Rasul tidak spesifik menyiratkan pengetahuannya tentang jagat raya dalam bentuk hadist. Sebab Rasul bertatakrama tawadluk dengan bahasa diam untuk hal-hal yang jauh dari jangkauan pengetahuan manusia. Dengan kata lain, tidak semua yang diketahui harus diberitahukan. Atau juga tidak ada sahabat yang radikal hingga menanyakan permasalahan tersebut. Hingga tabu bagi Rasul menjelaskan hal yang menyangkut privilige dirinya.

Yang perlu digarisbawahi dalam tema di atas adalah kejenialan Cak Nun dalam menangkap bahasa diam Rasul. Bahwa kenapa Rasul selalu menangisi ummat? Karena dalam wacana pengetahuan global mengenai kehidupan, ummat manusia selalu salah menerapkan struktur pemikiran, dan pasti kapusan.
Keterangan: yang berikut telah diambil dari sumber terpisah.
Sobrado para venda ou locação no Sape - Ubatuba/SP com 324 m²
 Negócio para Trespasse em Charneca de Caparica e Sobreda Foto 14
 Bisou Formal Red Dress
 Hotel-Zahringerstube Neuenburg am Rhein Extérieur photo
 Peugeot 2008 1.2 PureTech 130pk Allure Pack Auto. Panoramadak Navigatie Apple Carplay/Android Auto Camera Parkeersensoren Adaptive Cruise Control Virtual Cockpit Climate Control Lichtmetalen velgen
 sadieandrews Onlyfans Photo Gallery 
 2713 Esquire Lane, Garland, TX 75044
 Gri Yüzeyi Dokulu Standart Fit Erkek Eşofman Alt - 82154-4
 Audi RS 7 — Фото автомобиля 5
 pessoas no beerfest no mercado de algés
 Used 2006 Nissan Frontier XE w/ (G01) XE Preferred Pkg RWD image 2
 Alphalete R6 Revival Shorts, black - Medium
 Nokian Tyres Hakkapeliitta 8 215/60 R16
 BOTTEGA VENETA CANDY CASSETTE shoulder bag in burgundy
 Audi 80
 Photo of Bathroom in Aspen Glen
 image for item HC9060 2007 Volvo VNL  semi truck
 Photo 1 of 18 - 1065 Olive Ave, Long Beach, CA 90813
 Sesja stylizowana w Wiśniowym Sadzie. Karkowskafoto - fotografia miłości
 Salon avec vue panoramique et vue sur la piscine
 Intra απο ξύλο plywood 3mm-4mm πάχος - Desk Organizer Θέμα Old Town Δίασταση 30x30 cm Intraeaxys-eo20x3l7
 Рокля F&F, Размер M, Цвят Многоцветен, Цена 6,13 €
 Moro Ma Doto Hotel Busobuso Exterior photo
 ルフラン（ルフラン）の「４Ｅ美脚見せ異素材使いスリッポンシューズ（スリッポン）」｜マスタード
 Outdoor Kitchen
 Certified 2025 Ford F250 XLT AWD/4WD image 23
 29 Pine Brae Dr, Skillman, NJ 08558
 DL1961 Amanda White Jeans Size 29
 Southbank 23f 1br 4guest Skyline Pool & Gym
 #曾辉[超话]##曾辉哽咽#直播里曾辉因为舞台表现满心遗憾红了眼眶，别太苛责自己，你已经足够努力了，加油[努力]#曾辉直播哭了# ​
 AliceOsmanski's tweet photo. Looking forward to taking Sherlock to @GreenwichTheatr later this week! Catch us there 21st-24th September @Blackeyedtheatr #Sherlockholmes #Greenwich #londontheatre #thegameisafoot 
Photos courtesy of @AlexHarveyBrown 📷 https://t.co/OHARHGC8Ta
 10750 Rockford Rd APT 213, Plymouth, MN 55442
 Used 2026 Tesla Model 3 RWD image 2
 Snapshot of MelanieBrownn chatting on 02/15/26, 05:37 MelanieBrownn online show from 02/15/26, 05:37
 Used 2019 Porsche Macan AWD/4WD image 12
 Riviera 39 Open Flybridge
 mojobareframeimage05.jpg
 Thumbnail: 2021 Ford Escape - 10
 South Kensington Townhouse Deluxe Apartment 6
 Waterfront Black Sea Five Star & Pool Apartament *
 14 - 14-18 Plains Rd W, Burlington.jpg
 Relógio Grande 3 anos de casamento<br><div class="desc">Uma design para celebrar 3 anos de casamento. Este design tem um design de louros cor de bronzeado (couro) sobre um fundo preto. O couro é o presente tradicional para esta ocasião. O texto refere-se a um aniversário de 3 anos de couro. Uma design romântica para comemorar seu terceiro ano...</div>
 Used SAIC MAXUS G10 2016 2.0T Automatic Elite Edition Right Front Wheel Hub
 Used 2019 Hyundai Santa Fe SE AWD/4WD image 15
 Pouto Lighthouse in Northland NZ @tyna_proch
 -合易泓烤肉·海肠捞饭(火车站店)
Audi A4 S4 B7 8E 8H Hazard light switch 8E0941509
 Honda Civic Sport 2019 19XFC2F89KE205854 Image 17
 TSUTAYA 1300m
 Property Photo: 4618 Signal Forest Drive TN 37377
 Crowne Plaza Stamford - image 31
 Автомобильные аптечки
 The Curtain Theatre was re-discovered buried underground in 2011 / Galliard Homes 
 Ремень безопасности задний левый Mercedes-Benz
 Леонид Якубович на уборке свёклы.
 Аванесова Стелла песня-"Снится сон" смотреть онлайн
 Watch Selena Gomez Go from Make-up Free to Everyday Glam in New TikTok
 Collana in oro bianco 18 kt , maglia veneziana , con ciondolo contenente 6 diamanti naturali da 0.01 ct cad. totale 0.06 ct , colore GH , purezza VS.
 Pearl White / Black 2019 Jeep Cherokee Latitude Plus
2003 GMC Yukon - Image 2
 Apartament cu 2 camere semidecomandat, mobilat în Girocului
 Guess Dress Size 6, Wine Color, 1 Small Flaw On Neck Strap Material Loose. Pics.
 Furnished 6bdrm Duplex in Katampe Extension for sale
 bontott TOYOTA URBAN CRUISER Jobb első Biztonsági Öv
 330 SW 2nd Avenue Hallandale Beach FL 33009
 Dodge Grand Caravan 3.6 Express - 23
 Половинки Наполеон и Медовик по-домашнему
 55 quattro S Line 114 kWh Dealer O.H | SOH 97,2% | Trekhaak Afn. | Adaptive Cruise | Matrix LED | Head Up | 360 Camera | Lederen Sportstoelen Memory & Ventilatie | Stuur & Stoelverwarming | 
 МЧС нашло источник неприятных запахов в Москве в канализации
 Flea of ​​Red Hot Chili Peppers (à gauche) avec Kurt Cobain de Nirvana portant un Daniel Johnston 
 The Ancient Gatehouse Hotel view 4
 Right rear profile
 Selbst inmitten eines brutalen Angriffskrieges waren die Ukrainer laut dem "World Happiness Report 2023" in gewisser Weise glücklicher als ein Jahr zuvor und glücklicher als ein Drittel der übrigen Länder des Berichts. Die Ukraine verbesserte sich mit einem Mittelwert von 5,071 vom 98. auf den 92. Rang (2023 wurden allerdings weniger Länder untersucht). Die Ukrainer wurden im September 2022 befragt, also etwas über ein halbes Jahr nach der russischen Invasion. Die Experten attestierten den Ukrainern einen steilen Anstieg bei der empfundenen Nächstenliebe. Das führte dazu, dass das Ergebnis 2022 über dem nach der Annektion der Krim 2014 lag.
Setara yang diurai Jean Paul Sarte dalam istilah ‘sintesis intensional’ (The Psychology of Imagenation, New Jersey1972.hal;25), yakni menggali obyek imajinasi, kemudian menggabungkan sejarah lampau dan akan datang yang terburai untuk menghadirkan bayangan baru yang bermanfaat.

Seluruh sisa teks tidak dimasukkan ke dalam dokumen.